- Born: 1969 (age 55–56) Veracruz, Veracruz, Mexico
- Occupation(s): Film director, screenwriter

= Ernesto Contreras (director) =

Mexican film director and screenwriter

Ernesto Contreras (born 1969 in Veracruz, Veracruz) is a Mexican film director and screenwriter.

Contreras graduated from the Centro Universitario de Estudios Cinematográficos of the UNAM. His shorts have received several national and international awards, like the Ariel Award of the Mexican Academy for Best Short Film in 2004, for The non-invited.

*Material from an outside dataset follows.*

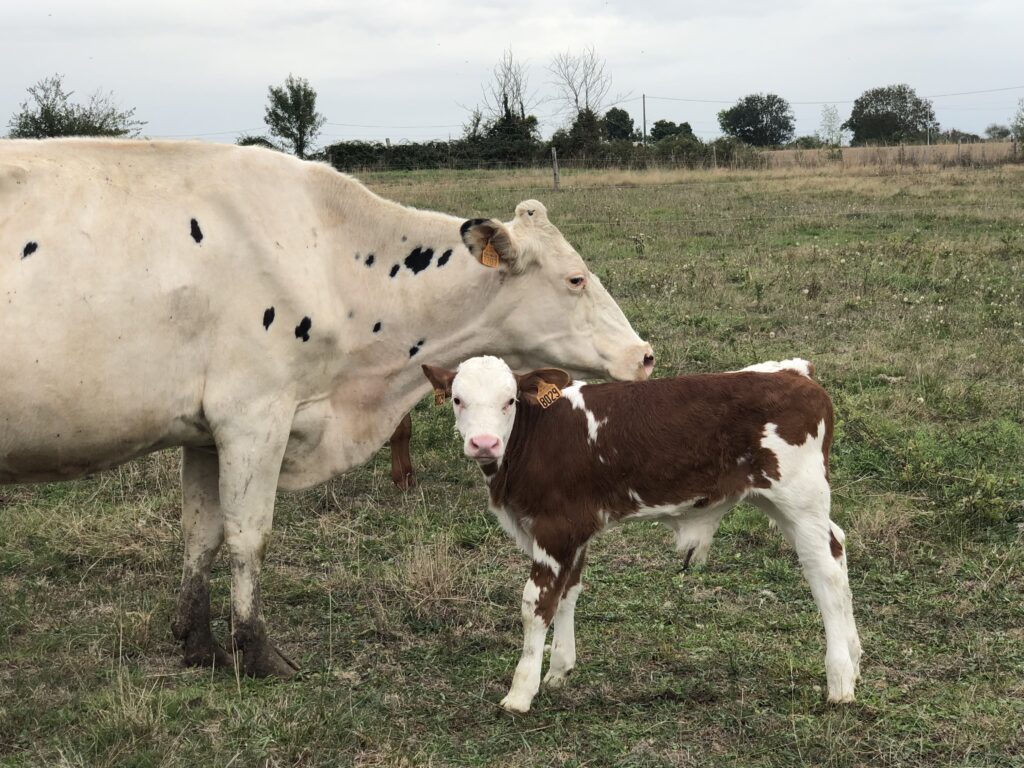 Dans cet élevage bio en Anjou, une attention particulière est accordée au bien-être animal - Mon Quotidien Autrement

In 2007, Párpados azules (Blue Eyelids), his first feature-film received the Best Iberoamerican Film and Script awards, as well as the Mezcal Award of the Young Jury in the XXII Guadalajara International Film Festival. He was later nominated for the Camera d’Or of the 60th Cannes Film Festival competing in the official selection of the 46th International Critics' Week. In September of that same year, he received a Special Mention in the San Sebastián International Film Festival, and he also received the National University Distinction Award in Artistic Creation. In 2008, the Sundance Film Festival and the Miami International Film Festival gave him both a Special Jury Prize, and he received the Ariel Award of the Mexican Academy for Best First Work.

In January 2017, Contreras accepted the World Cinema Audience Award: Dramatic at the Sundance Film Festival for his film Sueño en otro idioma. On November 1, 2017, Contreras began a two-year term as the president of the Mexican Academy of Film Arts and Sciences (Academia Mexicana de Artes y Ciencias Cinematográficas ), also known as AMACC. His term will end in October 2019.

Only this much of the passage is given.